The creative, familiar, and just plain weird
Dreams help us to rebuild and expand neural pathways, the information networks that the brain uses to learn, remember, and grow. As Erik Hoel, research assistant professor at Tufts University, states, dreams assist in “breaking the cycle of repetitive daily tasks—filling out spreadsheets, delivering mail, tightening pipe fittings—with an infusion of discord, keeping our brains fit.” This means that the bizarre, scary, or even romantic scenarios we invent during sleep introduce our brains to more information.
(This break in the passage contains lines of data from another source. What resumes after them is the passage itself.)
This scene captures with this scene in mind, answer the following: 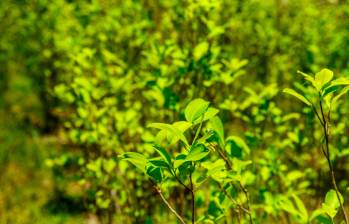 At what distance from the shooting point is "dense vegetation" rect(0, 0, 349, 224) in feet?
6.48

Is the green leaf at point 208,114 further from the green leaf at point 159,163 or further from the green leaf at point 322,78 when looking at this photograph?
the green leaf at point 322,78

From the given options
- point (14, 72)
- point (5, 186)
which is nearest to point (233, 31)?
point (5, 186)

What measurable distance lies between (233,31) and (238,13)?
64 cm

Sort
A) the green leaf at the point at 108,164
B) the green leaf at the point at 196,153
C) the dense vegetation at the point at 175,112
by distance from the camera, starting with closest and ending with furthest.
→ the green leaf at the point at 196,153
the dense vegetation at the point at 175,112
the green leaf at the point at 108,164

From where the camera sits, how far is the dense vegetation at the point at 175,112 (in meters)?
1.98

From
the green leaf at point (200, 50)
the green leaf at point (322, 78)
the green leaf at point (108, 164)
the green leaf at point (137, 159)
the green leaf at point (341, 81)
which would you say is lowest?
the green leaf at point (108, 164)

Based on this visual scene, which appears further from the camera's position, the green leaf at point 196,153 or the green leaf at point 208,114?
the green leaf at point 208,114

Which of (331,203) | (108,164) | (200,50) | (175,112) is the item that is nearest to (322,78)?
(331,203)

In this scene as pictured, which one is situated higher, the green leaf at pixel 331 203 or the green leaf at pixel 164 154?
the green leaf at pixel 164 154

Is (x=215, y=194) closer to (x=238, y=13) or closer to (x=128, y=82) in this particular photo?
(x=128, y=82)

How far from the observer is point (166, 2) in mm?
4648

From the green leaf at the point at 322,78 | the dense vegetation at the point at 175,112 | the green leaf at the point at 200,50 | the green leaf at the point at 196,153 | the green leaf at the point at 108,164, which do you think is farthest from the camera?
the green leaf at the point at 108,164

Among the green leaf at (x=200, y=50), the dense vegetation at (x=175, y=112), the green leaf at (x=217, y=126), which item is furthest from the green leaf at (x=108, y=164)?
the green leaf at (x=217, y=126)

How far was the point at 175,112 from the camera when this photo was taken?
315cm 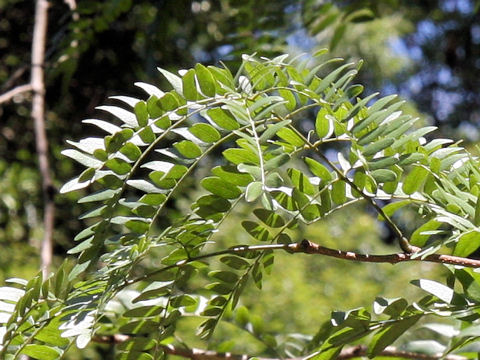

What if you’re in a car accident tomorrow? If you’ve ever dreamed of such a scenario, Hoel suggests that this was your brain’s way of preparing you to handle such a stressful event in the real world. In a sense, dreams can keep the mind flexible, prepared, and adaptable to various unpredictable situations.
What about nightmares?
Your twilight adventures in the world of dreams may often take the form of nightmares, stressful or even terrifying dreams that feel all too real. Maybe you enter your home to find it’s been flooded and destroyed; maybe you forget a major work deadline, and your boss is after your head. Some of the most unwelcome dreams are those that tie into our instinctual fear of shame. These dreams may involve being inappropriately dressed in public or having to give a performance for which we’re deeply unprepared.
Despite how they may feel, nightmares can be surprisingly healthy, reinforcing what our brains consider vital information. Have you ever dreamed about a swarm of spiders or falling into ice-cold water? These dreams underline the importance of fear for self-preservation. We should avoid interacting with snakes, for example, because our dreams show us the consequences these threats have for us, such as painful bites and venom.
While occasional nightmares are completely normal, if you have nightmares often you may be suffering from parasomnia. According to Verywell Mind, “Nightmare disorder is considered a parasomnia, a type of sleep disorder that interferes with a person’s sleep by creating abnormal or undesirable experiences.” Some people even experience what are known as night terrors, periods of intense fear in which they shake, yell, or exhibit other signs of distress in their sleep. They may or may not wake up during these frightening episodes.
Nightmare disorder and night terrors are often associated with anxiety, depression, and other mental health conditions. However, having the occasional nightmare isn’t necessarily a sign of a mental health concern.
Recurring dreams may also be obnoxious or even disturbing. Many experts suggest that this is your mind’s way of highlighting a certain emotion or fear. However, these dreams can be debilitating if you frequently remember them. Those who have recurring dreams about a traumatic event should consider reaching out to a mental health expert for treatment. As with nightmare disorder and night terrors, talking to a therapist about difficult recurring dreams can help you find relief.
To dream or not to dream
On the opposite end of the spectrum, did you know that some people don’t dream at all? Thanks to a rare and little-known condition called aphantasia, such people cannot conjure mental imagery in their heads. Aphantasia makes certain mental tasks, like picturing the face of a loved one, nearly impossible. For many of these individuals, scary nightmares may not be a concern, but they also may never experience the thrilling and fantastical dreams that have fascinated the rest of us since the dawn of humankind.
Remembering your dreams
Many people feel that dreams have a more spiritual significance, like connecting them with those who have passed or even predicting the future. The power of dreams, ultimately, is up to your perspective—and your spiritual beliefs—to determine. If you feel that dreams are important to you, try keeping a dream journal next to your bed. Be sure to write about your dreams in detail as soon as you wake up, before you forget the vivid experiences and return to life in the real world.